In a letter to the school board and director, Androski said they are treating the proposal as though the decision was a foregone conclusion and that it would unnecessarily divide a neighborhood.
“It is absolutely unacceptable to cut our homes out of the Lakeview zone – kids that have been established in their school – while including the apartment complex on 38th that is going to be populated with kids that do not yet have connections to a school but get a space at Lakeview while my daughter does not,” she wrote.
She added that if any residential area should be zoned into Ben Franklin, it should be the apartments.

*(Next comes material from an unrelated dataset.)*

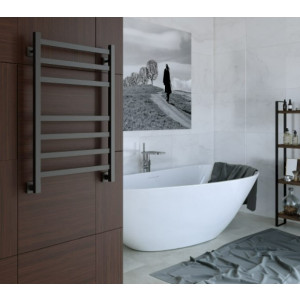 Полотенцесушитель Stinox Prestige 500x800 БП (1/2") черный матовый в ванной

“Leave our pocket of single family homes intact and our haven up on 113th alone,” she wrote. “We work hard for Lakeview, our kids are established there and our daughter feels safe there.”
On thepetitionsite.com, there is a petition to stop the rezoning of Lakeview with 99 signatures. In the meantime, Androski said they are weighing their legal options, as parents are accusing the district of providing vague and incomplete information as to the justification for their proposed decision.
Kathryn Reith, spokesperson for the LWSD, said the district is trying to keep as many neighborhoods together as possible, but “most of the time, any scenario we create isn’t perfect.”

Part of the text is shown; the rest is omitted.